Start of Records supplied
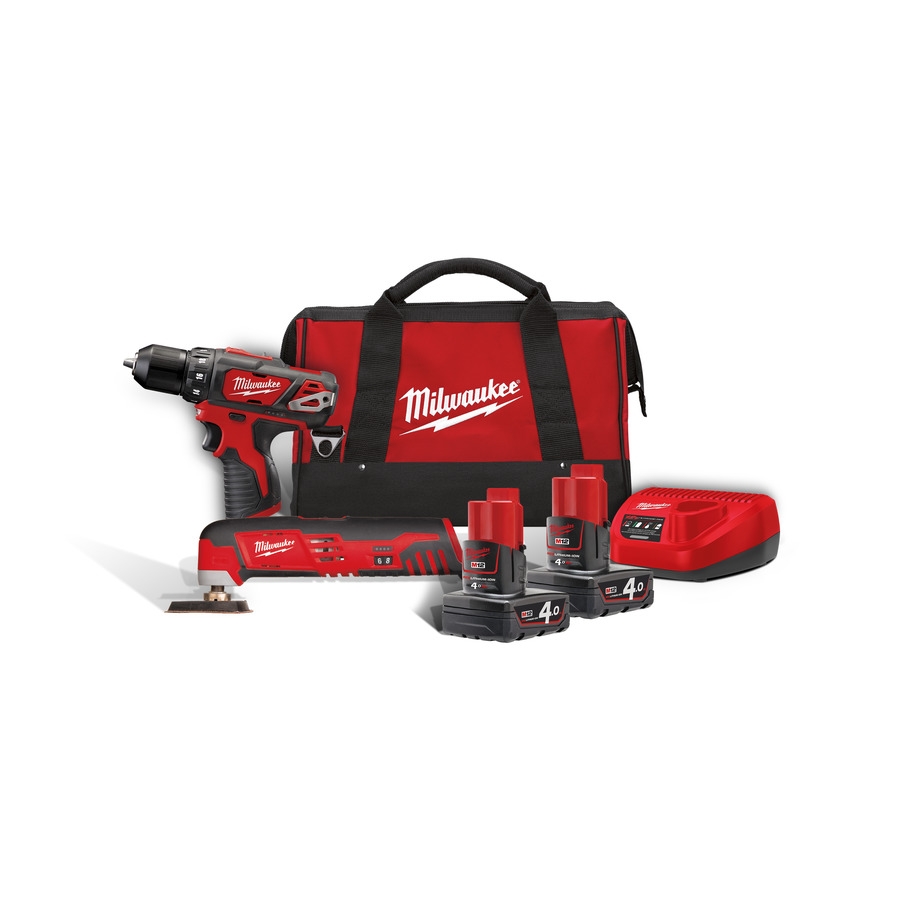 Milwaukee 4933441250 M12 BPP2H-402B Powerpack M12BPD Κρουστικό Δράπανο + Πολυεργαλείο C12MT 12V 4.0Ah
End of Records supplied
Start of Records supplied
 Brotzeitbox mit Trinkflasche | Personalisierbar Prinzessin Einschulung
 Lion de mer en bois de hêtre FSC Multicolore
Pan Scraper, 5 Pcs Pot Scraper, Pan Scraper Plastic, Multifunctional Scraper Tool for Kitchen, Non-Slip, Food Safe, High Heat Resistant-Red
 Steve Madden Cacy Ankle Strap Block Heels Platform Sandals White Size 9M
End of Records supplied
From the records above, give again exactly the lines running from the line with "Brotzeitbox mit Trinkflasche" to the line with "Steve Madden Cacy", inclusive.

 Brotzeitbox mit Trinkflasche | Personalisierbar Prinzessin Einschulung
 Lion de mer en bois de hêtre FSC Multicolore
Pan Scraper, 5 Pcs Pot Scraper, Pan Scraper Plastic, Multifunctional Scraper Tool for Kitchen, Non-Slip, Food Safe, High Heat Resistant-Red
 Steve Madden Cacy Ankle Strap Block Heels Platform Sandals White Size 9M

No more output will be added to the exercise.